━━━━━ SUPPLIED DATA ━━━━━
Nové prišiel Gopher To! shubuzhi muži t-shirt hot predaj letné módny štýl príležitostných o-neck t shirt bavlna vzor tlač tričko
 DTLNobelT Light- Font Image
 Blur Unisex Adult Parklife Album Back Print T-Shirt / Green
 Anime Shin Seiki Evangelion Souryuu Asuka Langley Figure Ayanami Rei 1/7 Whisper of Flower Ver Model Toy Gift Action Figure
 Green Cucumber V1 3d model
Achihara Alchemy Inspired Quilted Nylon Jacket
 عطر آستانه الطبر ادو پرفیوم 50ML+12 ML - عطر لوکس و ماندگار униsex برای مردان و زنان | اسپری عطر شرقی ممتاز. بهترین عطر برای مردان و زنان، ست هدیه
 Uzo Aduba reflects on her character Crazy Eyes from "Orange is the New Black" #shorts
━━━━━
— ACTIVITY —
Copy the line containing "عطر آستانه الطبر" and every line after it, through the last line of the records. Include nothing else.

— WRITTEN SOLUTION —
 عطر آستانه الطبر ادو پرفیوم 50ML+12 ML - عطر لوکس و ماندگار униsex برای مردان و زنان | اسپری عطر شرقی ممتاز. بهترین عطر برای مردان و زنان، ست هدیه
 Uzo Aduba reflects on her character Crazy Eyes from "Orange is the New Black" #shorts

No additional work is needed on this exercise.